If you are a parent and are deeply concerned about the safety of your child in their school, these are some discussions you should be having with the school’s management during every parent-teacher meeting.

The recent news as reported in The News Minute, of a 4-year-old girl being subjected to sexual abuse by her school principal’s driver for over 2 months within the school premises has caused uproar in the city. Parents were seen protesting outside the school, questioning the lapses from the staff, that lead to this horrific incident.

Burning questions when one reads about the incident as a parent

It was easy to spot how the school was being completely negligent of the safety of their students.

  • How did a personal employee of the principal have access to the school premises and the children?
  • How did he manage to accost the child alone in a classroom? Why did none of the teachers notice her absence?
  • Why was a driver allowed to monitor the students when the school had a shortage of staff?

These are just some of the questions that immediately come to mind when we read about the incident. These glaring holes point to major lapses in the school’s administration. As a parent, I feel enraged that the school didn’t take the most basic steps to ensure that it remains a safe space for the child.

The POCSO Act and the role of schools

All of us know the existence of the POCSO Act, which came into existence in 2012, ten years ago. But do you know that the act outlines several mandates and recommendations for schools to ensure effective prevention of CSA?

Merely the existence of a Child Protection Policy and POCSO committee doesn’t guarantee that the school is committed to preventing CSA. If parents have a thorough understanding of the POCSO guidelines for schools and regularly question the authorities on their implementation, it will ensure that every child is safe from sexual abuse within the school premises.

Claim your power as a parent, and hold schools accountable

With our changing times, schooling has seen an evolution of sorts where we see increased interaction among parents and the school’s management. Parents are now expected to participate more in their child’s education. Communication between the school and parents is now beyond the customary quarterly parent-teacher meetings and mandatory signatures on report cards.

Isn’t it time to reclaim our power as parents and hold the school accountable for our children’s safety?

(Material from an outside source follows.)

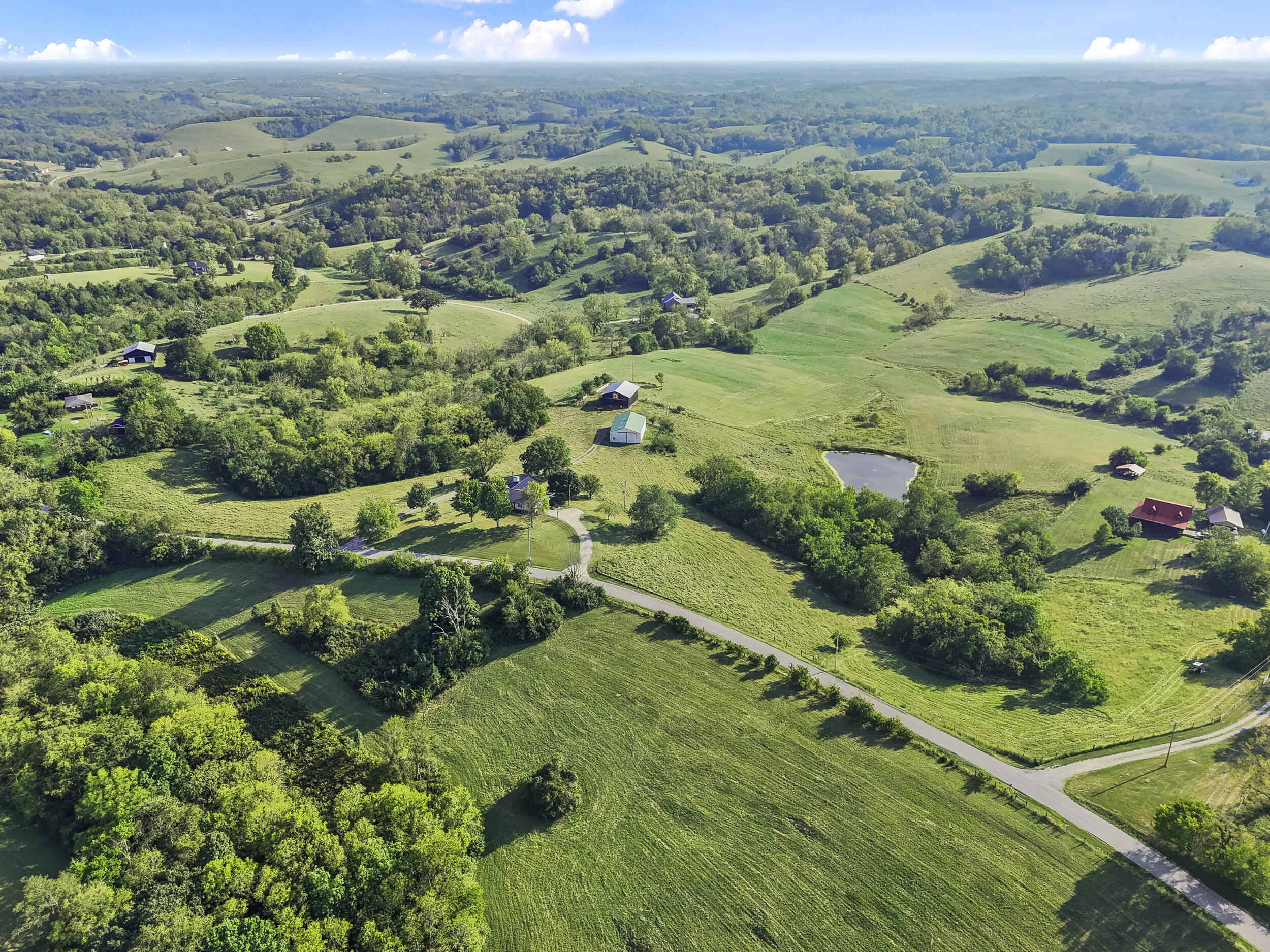 1039 Cole Road Winchester, KY 40391 - Photo 62 of 75 77_dji_20260917171525_0238_d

Shouldn’t our interaction with the school be two-way, instead of us constantly being told where our children must improve academically?

How can you, as a parent assess a school’s commitment toward the prevention of CSA?

If you are a parent and are deeply concerned about the safety of your child in their school, these are some discussions you should be having with the school’s management during every parent-teacher meeting. Their response to these questions will demonstrate their attitude toward the prevention of CSA.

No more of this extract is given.